Éric Sadin ne joue pas avec complaisance les prophètes de malheur. Mais il nous donne avec réalisme la mesure des développements technologiques en jeu, tant au plan de la micro-surveillance que des contrôles globaux. Il ne nie pas plus que nous les vertus du numérique, ni celles du contôle social. Mais il se demande si notre acceptation de cette surveillance globale et de sa dérive ne tient pas aux anxiétés de notre inconscient collectif, et à une compensation que nous souhaiterions opposer aux menaces nouvelles et insaisissables du monde actuel. Rendus pessimistes par l'histoire moderne et actuelle, beaucoup ne croient plus au progrès et acceptent l'idée de plus d'ordre et de contrôle, voire rêvent de fascisme, surtout en période de dépression économique menaçante, comme à un rempart nécessaire contre le chaos. Et il est vrai que nos démocraties sont molles. Elles ne savent pas toujours se défendre. Ou plutôt, nous sommes trop dépolitisés et ne défendons pas assez vigoureusement nos démocraties, dont le sort se joue désormais autant dans le monde virtuel que dans les parlements. C’est à chacun de nous d’y veiller. Tel est le principe même de la démocratie, qui doit désormais prendre en compte sa dimension numérique.

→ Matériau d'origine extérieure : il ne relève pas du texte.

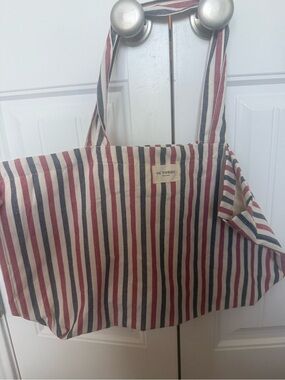 Octobre Striped Canvas Tote in Red, Navy & Cream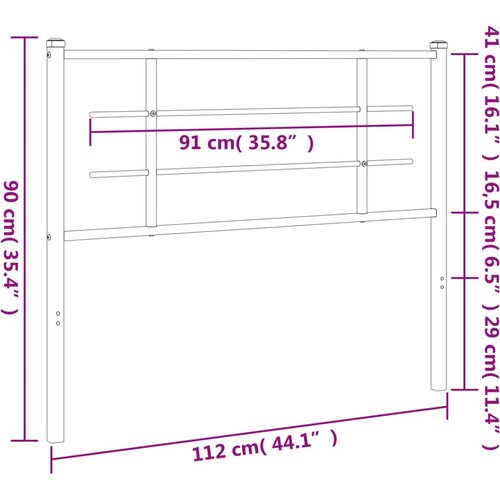  Metalno zamjensko uzglavlje crno 107 cm Slike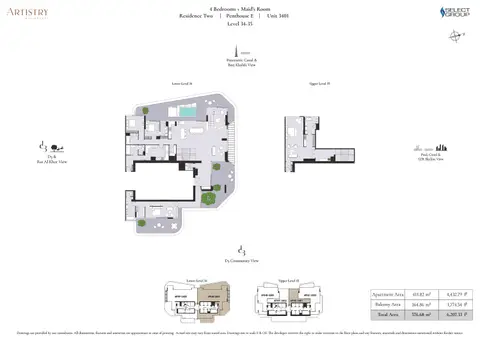آرتيستري تو ريزيدنسز في دي3: مخطط الطابق Unit 3401 (Type E), 6,207 sq ft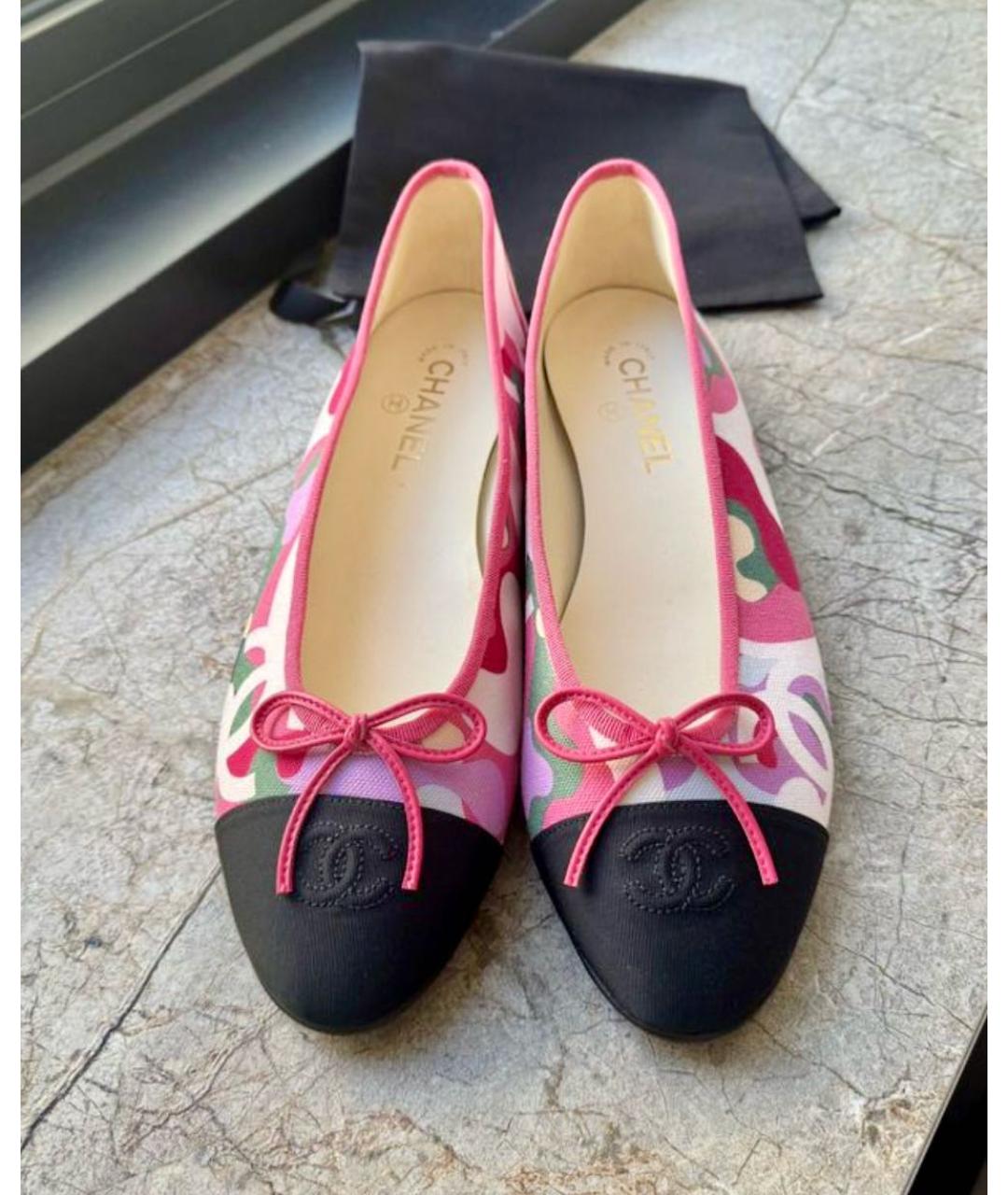 CHANEL Розовые кожаные балетки, фото 2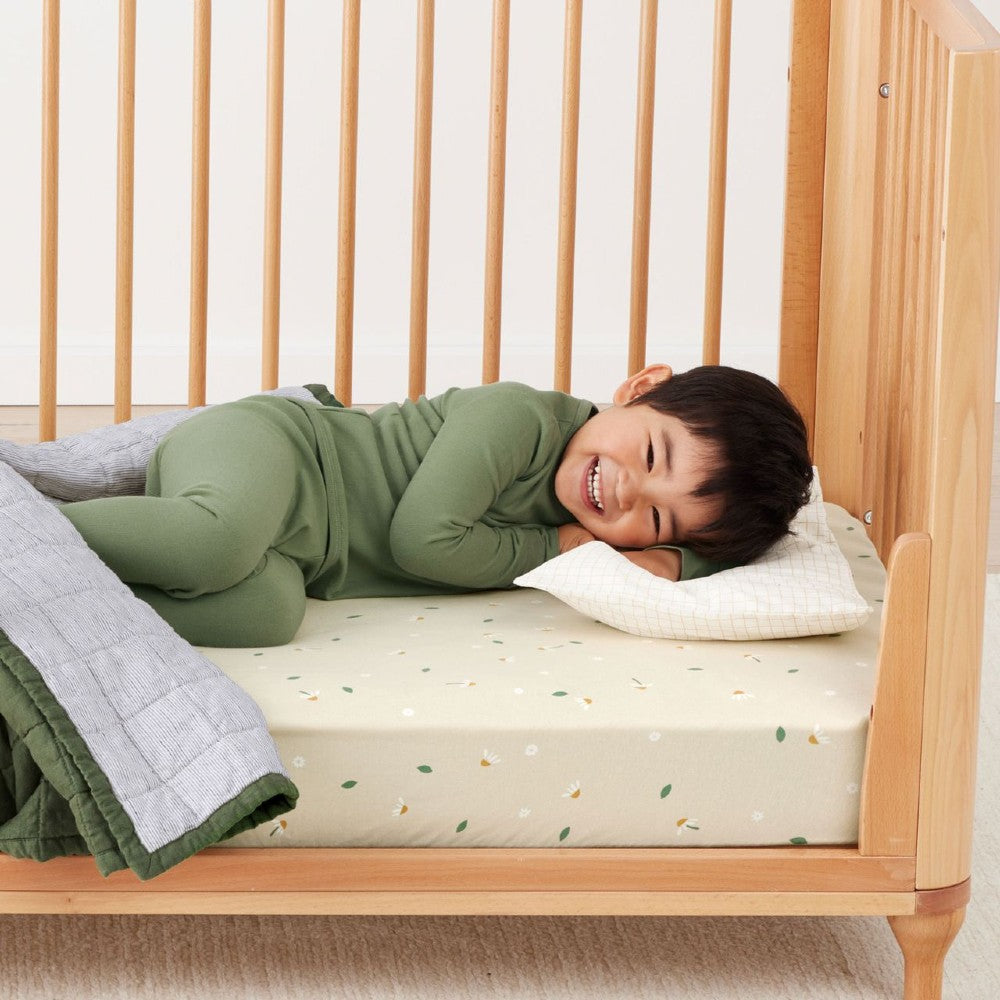 Toddler Pillow With Case - Caramel Grid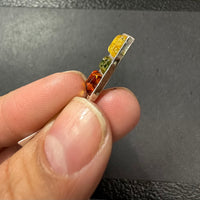 Baltic Amber Multistone Colorful Natural Cabochon Cut Gemstone Sterling Silver Pendant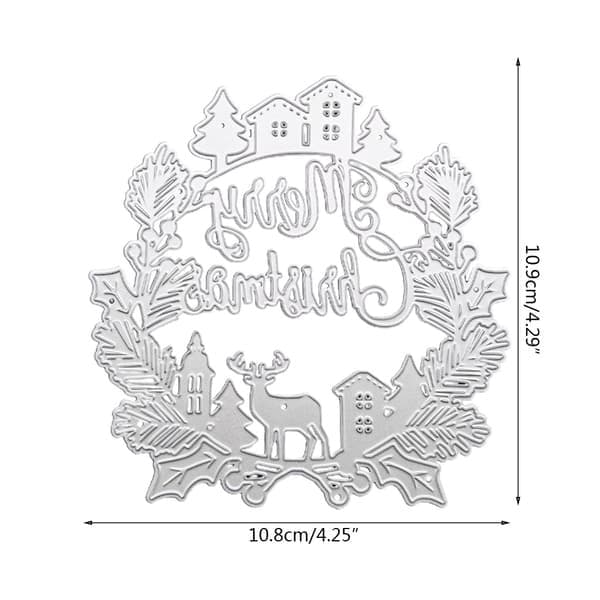 Hyvää joulua -kranssin metallileikkausmuotit sabluuna DIY-leikekirja-albumipaperi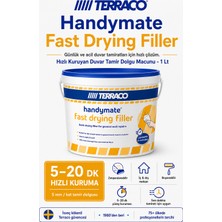 Agk Terraco Handymate Fast Drying 5-20 Dk 5 mm Hızlı Kuruyan Duvar Çatlak Tamir Dolgu Macunu 1 Lt Beyaz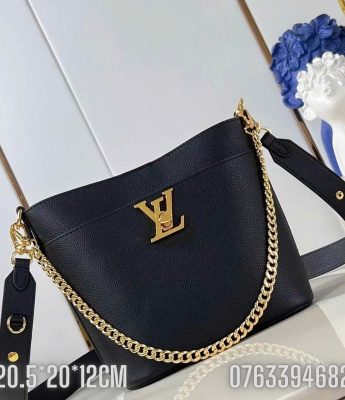 Tui xach nu Louis Vuitton mau den hoa tiet logo vanng TNLV89 6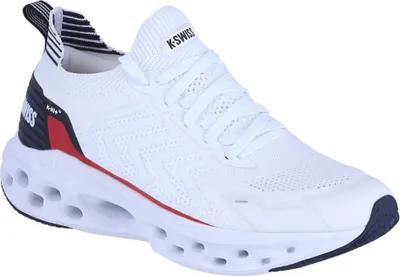 A single white K-Swiss sneaker is shown against a white background.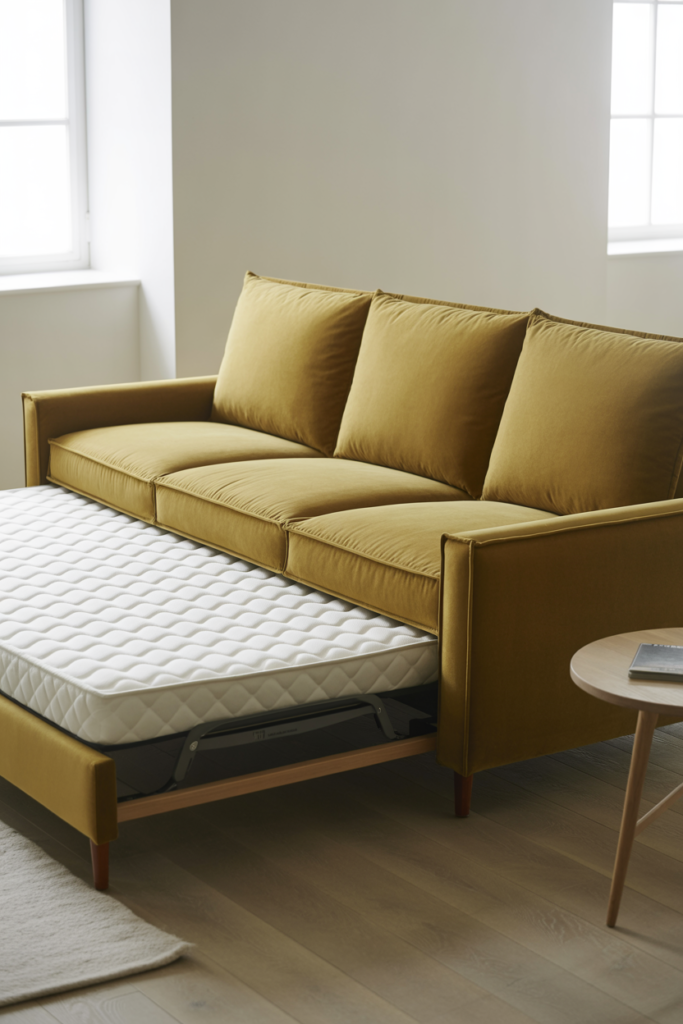 Sage green velvet sofa bed with memory foam mattress partially extended showing sleeping surface in a modern living room with white walls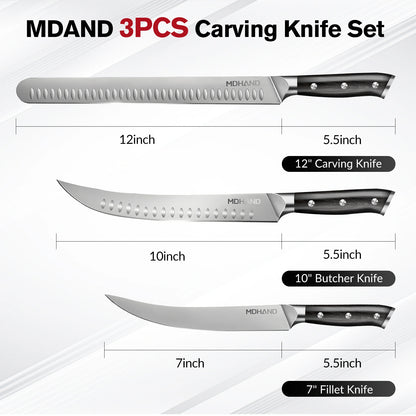 MDHAND 3-Piece Carving Knife Set, Brisket Slicer, Butcher & Boning Knife for BBQ
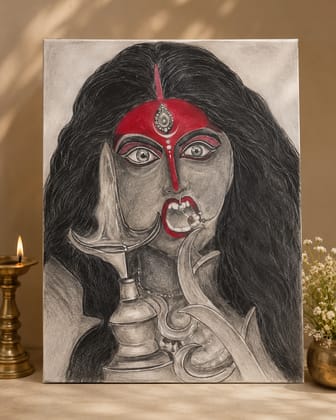Maa Kali Hand-painted Charcoal Sketch on Canvas Maa Kali Hand-painted Charcoal Sketch on Canvas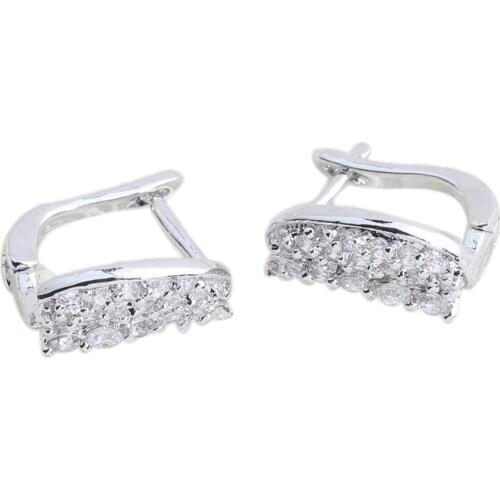 Flawless White Stone 2*2mm Semi-precious Silver Cool For Womens Earrings ED0047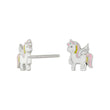 Silver ear studs unicorn w/enamel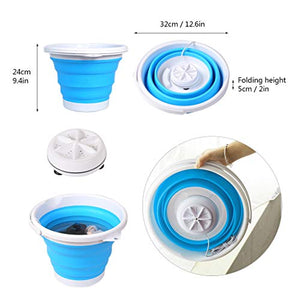 Mini Washing Machine, Formemory Portable Folding Bucket Turbo Ultrasonic Washing Machine Personal Travel Washing Machine with Remote Control for Lazy Magic Laundry Machine（Blue）
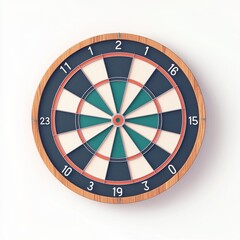 Poster - Enhance your game with a classic dartboard isolated on a white background for unmatched focus and precision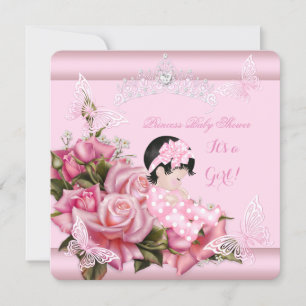 Baby Shower Mädchen Schmetterling Rosa Rose Baby 3 Einladung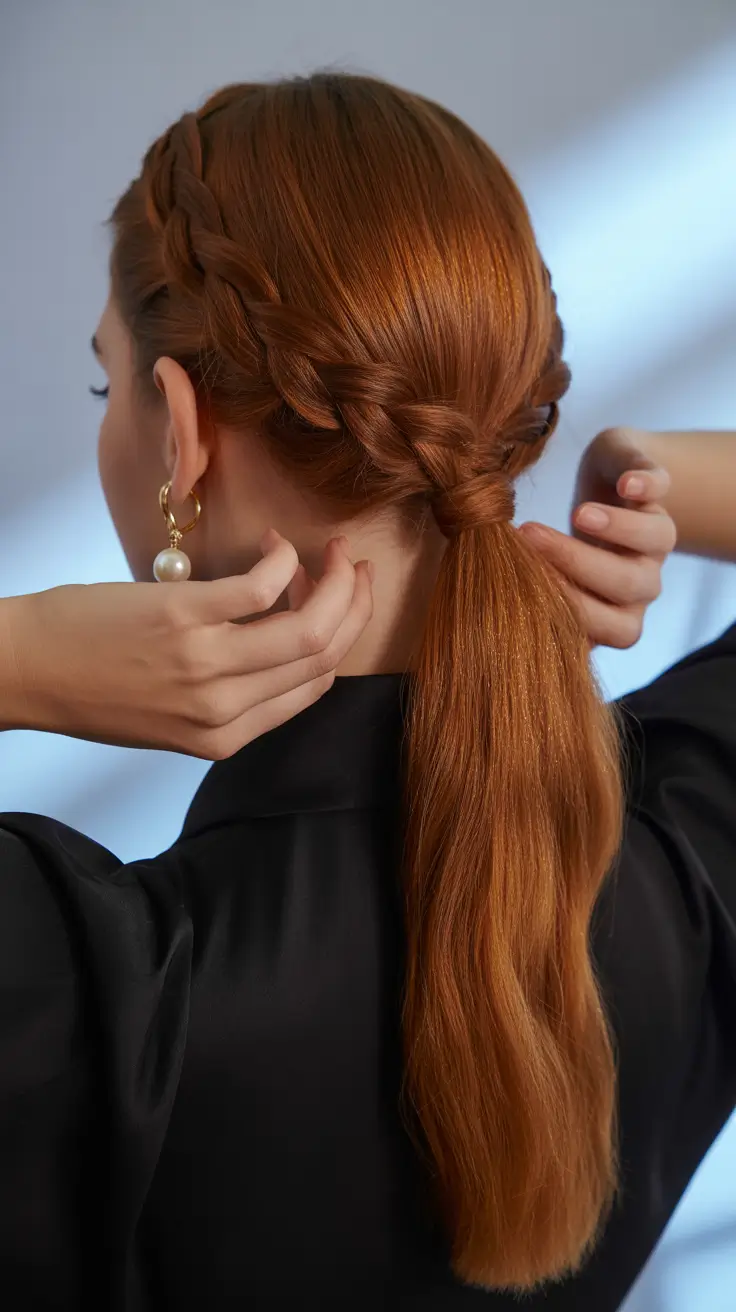 Modern ponytail hairstyles 2026 Braided Crown Low Pony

Il faut lire le livre d’Éric Sadin, qui actualise le mythe de Big Brother**, au moment où il menace de devenir de plus en plus réel.
Hervé Fischer
*Éric Sadin, Surveillance globale – Enquêtes sur les nouvelles formes de contrôle, Flammarion, collection « Climats », Paris, 2009.
** Reg Whitaker, Big Brotjer.com - La vie privée sous surveillance. Presses de l’Université Laval, Québec, 2001.